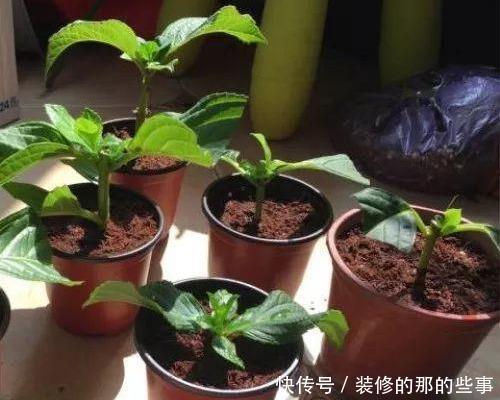 次水就行@阳台变花园,8种花现在养,半个月就爆满阳台,长的飞快花也多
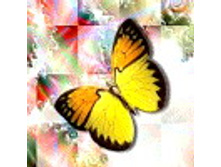 02.08.2010 1:34:43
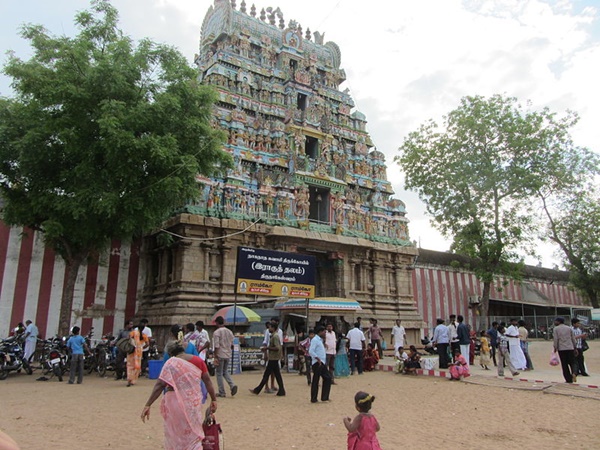 சட்டையை கழற்றி ராகுவுக்கு மாலையாக போட்ட ஐந்தரையடி பாம்பு..எங்கே தெரியுமா? சட்டையை கழற்றி ராகுவுக்கு மாலையாக போட்ட ஐந்தரையடி பாம்பு..எங்கே தெரியுமா?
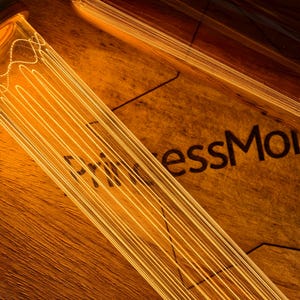 May include: Close-up of a vintage-style light bulb with a warm, amber glow. The bulb's filament is visible, and the words "PrincessMois" are printed on the wooden surface below. The overall aesthetic is rustic and warm.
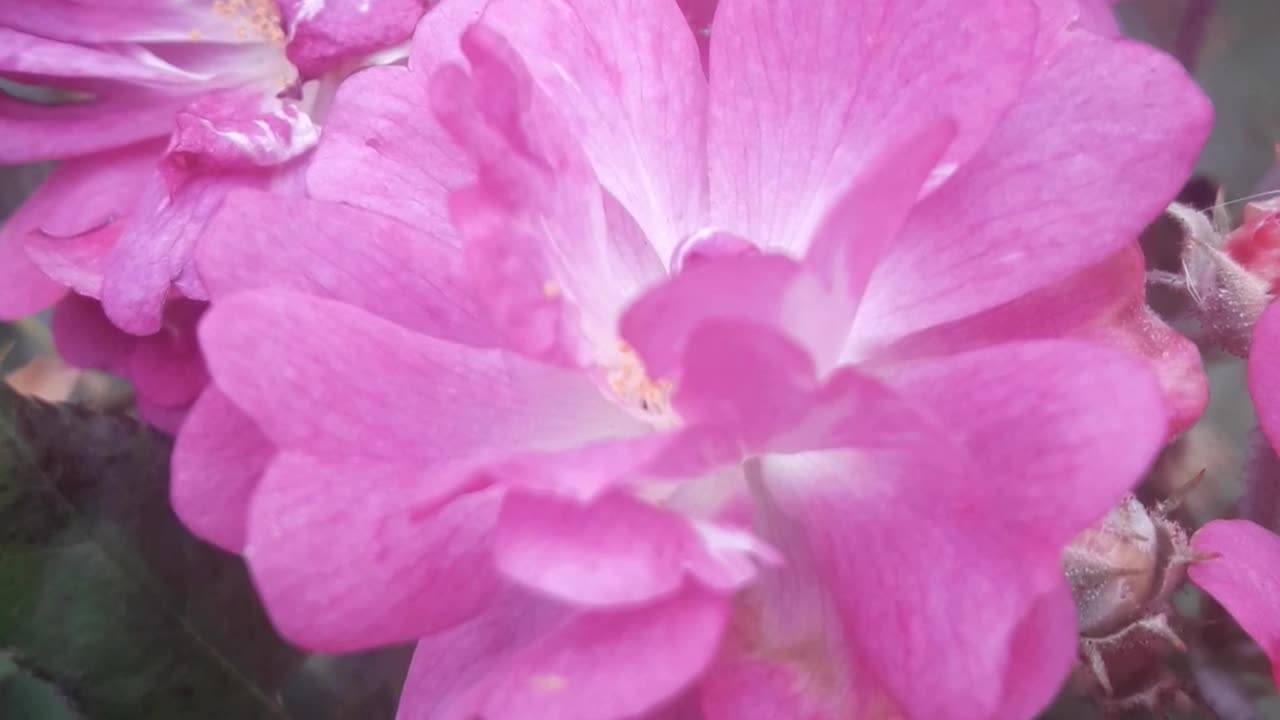 Close up of thornless roses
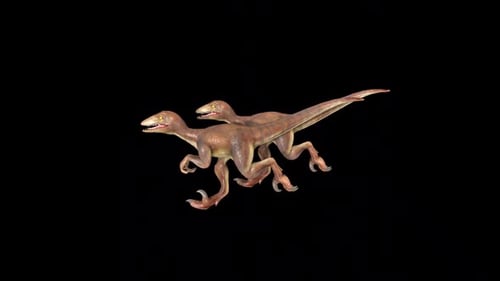 Two Velociraptor Run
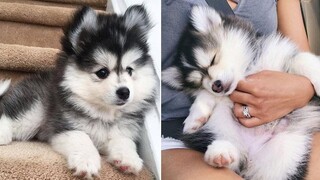 รวบรวมลูกสุนัขฮัสกี้น่ารักและน่ารัก 11 ลูกสุนัขฮัสกี้น่ารัก
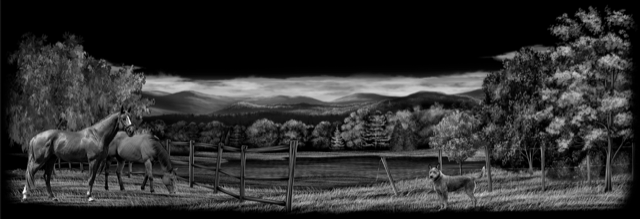 Farm 215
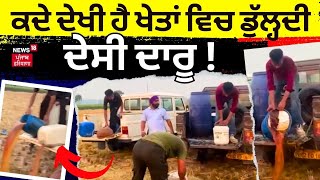 Gurdaspur News | ਕਦੇ ਦੇਖੀ ਹੈ ਖੇਤਾਂ 'ਚ ਡੁੱਲ੍ਹਦੀ ਦੇਸ਼ੀ ਦਾਰੂ ! | Illicit liquor | Punjab News | N18V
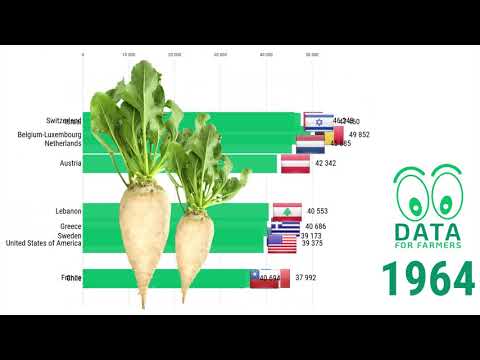 SUGAR BEET | Highest average yield per country worldwide 1962 - 2017 | Top 10
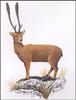 [Extinct Animals] Dwarf Deer (Candiacervus sp.)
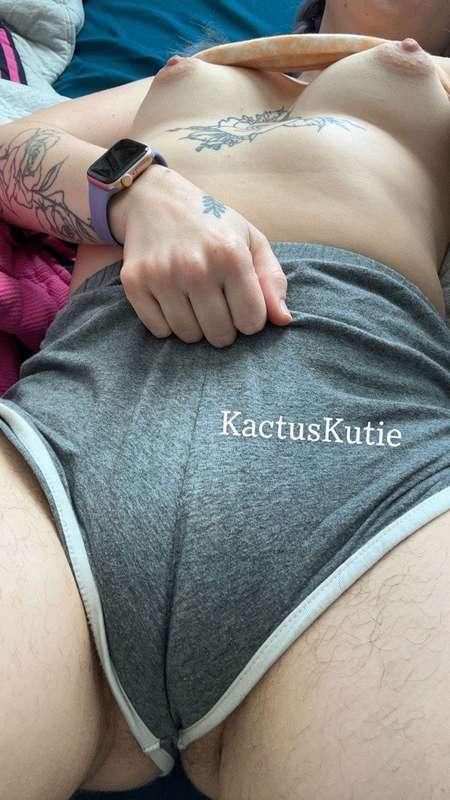 kactuskutie image #1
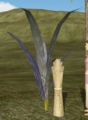 440px-Sugarcane.png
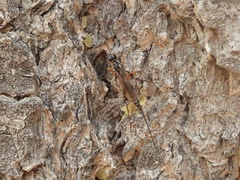 Poemeniinae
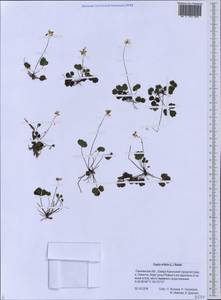 Coptis trifolia (L.) Salisb., Siberia, Russian Far East (S6) (Russia)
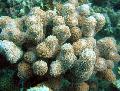 Acuario Porites Coral marrón Foto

———

Task ::
Would you restate the records above word for word and exclude the pictures?

Solution below ::
 次水就行@阳台变花园,8种花现在养,半个月就爆满阳台,长的飞快花也多
 02.08.2010 1:34:43
 சட்டையை கழற்றி ராகுவுக்கு மாலையாக போட்ட ஐந்தரையடி பாம்பு..எங்கே தெரியுமா? சட்டையை கழற்றி ராகுவுக்கு மாலையாக போட்ட ஐந்தரையடி பாம்பு..எங்கே தெரியுமா?
 May include: Close-up of a vintage-style light bulb with a warm, amber glow. The bulb's filament is visible, and the words "PrincessMois" are printed on the wooden surface below. The overall aesthetic is rustic and warm.
 Close up of thornless roses
 Two Velociraptor Run
 รวบรวมลูกสุนัขฮัสกี้น่ารักและน่ารัก 11 ลูกสุนัขฮัสกี้น่ารัก
 Farm 215
 Gurdaspur News | ਕਦੇ ਦੇਖੀ ਹੈ ਖੇਤਾਂ 'ਚ ਡੁੱਲ੍ਹਦੀ ਦੇਸ਼ੀ ਦਾਰੂ ! | Illicit liquor | Punjab News | N18V
 SUGAR BEET | Highest average yield per country worldwide 1962 - 2017 | Top 10
 [Extinct Animals] Dwarf Deer (Candiacervus sp.)
 kactuskutie image #1
 440px-Sugarcane.png
 Poemeniinae
 Coptis trifolia (L.) Salisb., Siberia, Russian Far East (S6) (Russia)
 Acuario Porites Coral marrón Foto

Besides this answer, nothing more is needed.